What can journalists expect of aid workers as sources? Most aid workers I know find a source of energy in their healthy indignation at the world surrounding them. This is often combined with a strong antiestablishment stance. On the evening after MSF won the Nobel Prize—and accepted it, since the option of turning it down for the sake of “political neutrality” never stood a chance against the mountain of prime-time exposure—I asked an old-timer who’d worked for years in Afghanistan how he reacted to this worldwide recognition of 30 years of hard work. His answer was sobering: “When I’m back in Paris, strangers in cafés tell me how much they admire us for what we’re doing. But when it comes to renting a flat, people turn me down because I’ve got no credit history.”

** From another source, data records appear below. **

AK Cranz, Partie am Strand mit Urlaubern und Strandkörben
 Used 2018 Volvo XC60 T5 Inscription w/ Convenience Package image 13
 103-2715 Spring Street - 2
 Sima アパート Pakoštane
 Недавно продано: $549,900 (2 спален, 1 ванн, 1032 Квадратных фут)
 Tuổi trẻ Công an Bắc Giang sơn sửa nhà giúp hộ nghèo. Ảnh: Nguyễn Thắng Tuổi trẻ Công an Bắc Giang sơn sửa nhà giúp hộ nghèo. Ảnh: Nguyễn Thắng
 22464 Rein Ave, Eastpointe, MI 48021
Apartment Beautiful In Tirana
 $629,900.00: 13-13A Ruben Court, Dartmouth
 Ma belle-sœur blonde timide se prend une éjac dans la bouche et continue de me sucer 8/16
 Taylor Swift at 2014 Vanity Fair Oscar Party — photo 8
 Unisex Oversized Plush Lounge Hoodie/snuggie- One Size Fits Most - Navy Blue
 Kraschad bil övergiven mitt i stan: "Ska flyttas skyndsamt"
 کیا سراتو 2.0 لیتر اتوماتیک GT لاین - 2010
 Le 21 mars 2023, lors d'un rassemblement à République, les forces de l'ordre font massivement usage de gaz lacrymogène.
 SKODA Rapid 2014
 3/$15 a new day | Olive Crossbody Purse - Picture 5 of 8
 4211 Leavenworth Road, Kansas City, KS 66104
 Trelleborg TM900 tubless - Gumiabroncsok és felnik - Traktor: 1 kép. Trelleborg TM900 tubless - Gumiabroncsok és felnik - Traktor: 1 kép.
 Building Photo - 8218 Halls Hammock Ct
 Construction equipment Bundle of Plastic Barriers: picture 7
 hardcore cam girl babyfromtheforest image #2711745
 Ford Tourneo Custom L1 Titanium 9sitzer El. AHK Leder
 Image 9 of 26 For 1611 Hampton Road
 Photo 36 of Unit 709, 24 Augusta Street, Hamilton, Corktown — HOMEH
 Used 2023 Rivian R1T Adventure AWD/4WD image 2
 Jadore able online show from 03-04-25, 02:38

Humanitarian workers have a growing skepticism towards journalists, especially those who “parachute” in to do one story and then leave. These aid workers often perceive journalists as being obsessed with finding “good angles” rather than reporting in-depth stories. This is because a few journalists who specialize in covering crises can be ruthless in focusing only on the shortcomings of some aid operations.

But I’ve found that most aid workers will open up if you take time to display empathy and at least minimal awareness of what their tasks entail. Aid workers should also educate journalists about the boundaries they are obliged not to cross. For example, if an NGO is portrayed in media coverage as taking sides in a conflict, such coverage might put the field personnel in danger.

Recently I heard the manager of a feeding operation in Burundi confess in a hushed tone that her organization had been giving food to rebel forces in an attempt to keep them from looting local civilians’ meager resources. To make such a decision must have been very difficult, but this manager told me the approach seemed to be working. However, what journalist covering this story would resist the obvious angle that “aid agencies are feeding the conflict”? Which editor would turn down this angle on the story?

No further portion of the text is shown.